Foundations of Economic Analysis.
Nobel Prize-Winning Economists Leonid Hurwicz Copy of Samuelsons Magnum Opus: Foundations of Economic Analysis
Foundations of Economic Analysis.
SAMUELSON, Paul Anthony.
Item Number: 3039
Cambridge, MA.: Harvard University Press, 1959.
First edition, fifth printing, octavo, original maroon cloth. Signed by Paul A. Samuelson. From the library of Leonid Hurwicz, with his signature to the front free endpaper and markings in his hand throughout the text. Hurwicz originated incentive compatibility and mechanism design, which show how desired outcomes are achieved in economics, social science and political science. He was awarded the Nobel Prize in Economics in 2007. Paul A. Samuelson was awarded the Nobel Prize in 1970. A nice association linking these two giants of economic theory. Near fine in a good jacket with some wear and tear.
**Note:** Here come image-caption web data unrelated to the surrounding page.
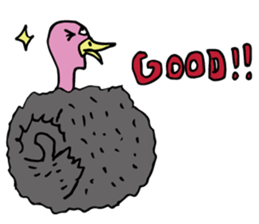 strange birds sticker #2307143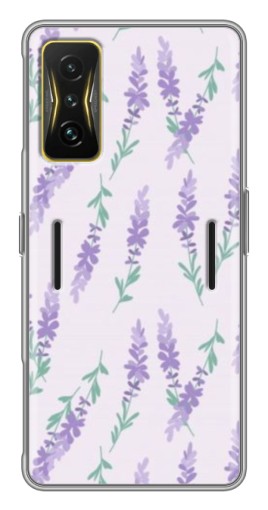 Чехол с печатью "Лавандовый фон " для Xiaomi POCO F4 GT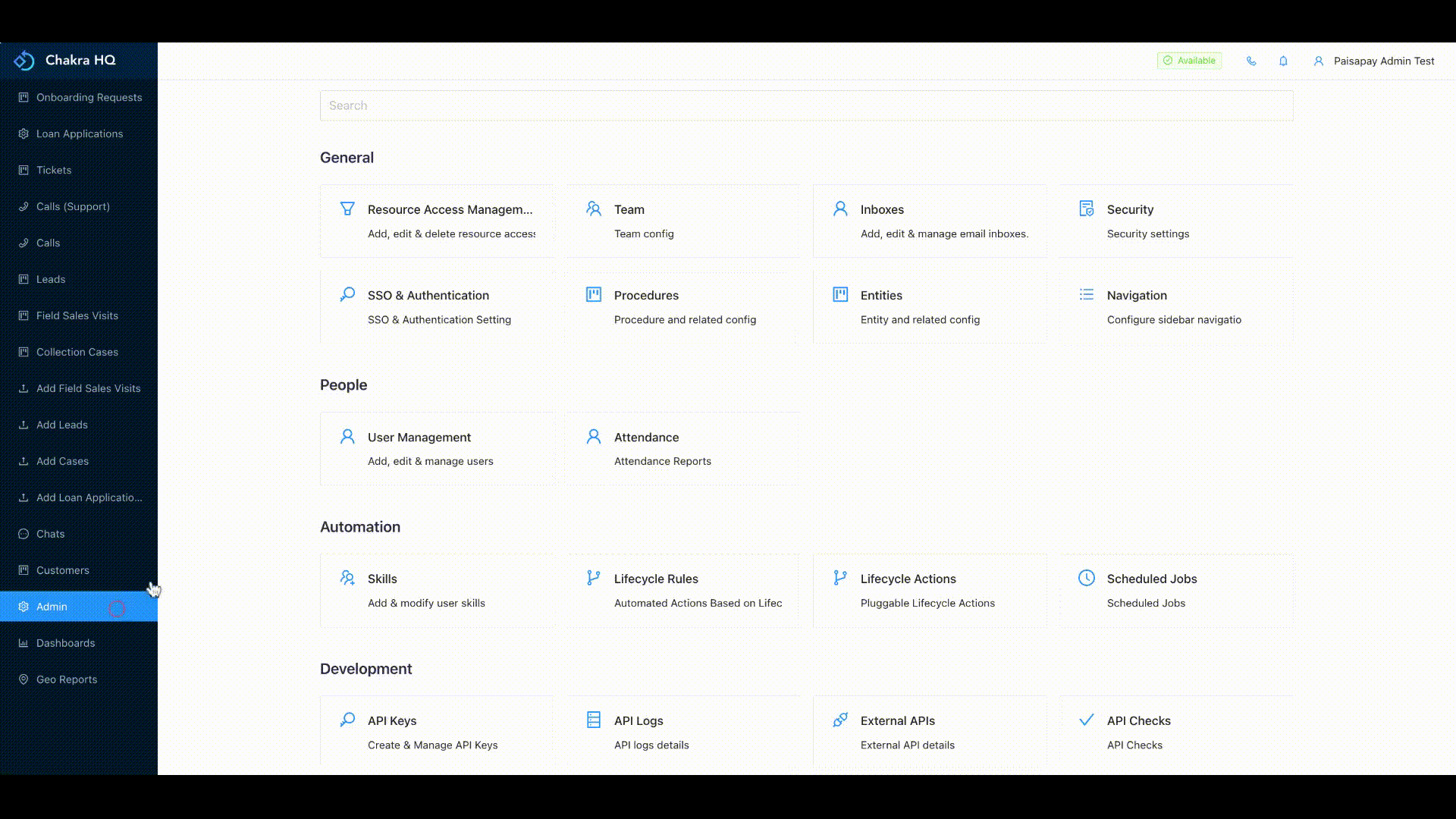 Procedure List ChakraHQ Help Guides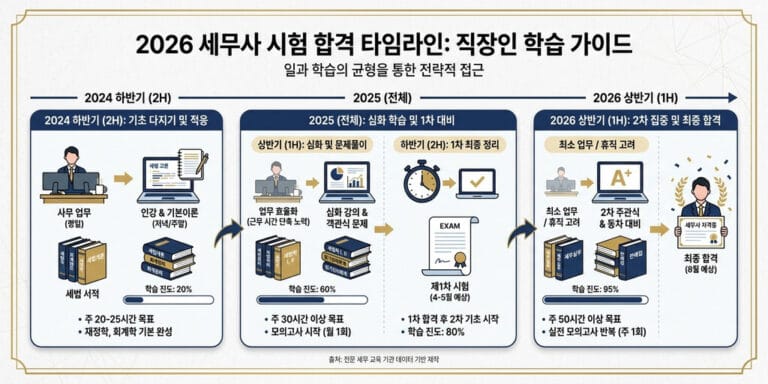 2026년 세무사 시험 난이도 및 현실: 비전공자 직장인 독학 가능할까?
"Fifty years after it was written, "Foundations of Economic Analysis" (together with Hicks Value and Capital) is still one of the most inspiring classics of general equilibrium economics" (Niehans, History of Economic Theory). Paul Samuelson is one of the developers of both neo-Keynesian and neoclassical economics, the latter of which still dominates mainstream economics. He was awarded the Nobel Memorial Prize in Economic Sciences for having written considerable parts of economic theory, and he is one of the ten Nobel Prize winning economists still signing the Economist's statement opposing the Bush tax cuts. One of Samuelson's many novel contributions was that he generalized and applied mathematical methods developed for the study of thermodynamics to the field of economics. His inspiration for doing so came, in part, from his mentor, polymath Edwin Bisdwell Wilson who was a former Yale student of the founder of chemical thermodynamics, Willard Gibbs. Samuelson, therefore, is a successful example of interdisciplinarity, and he combined these ideas in his magnum opus Foundations of Economic Analysis (1947).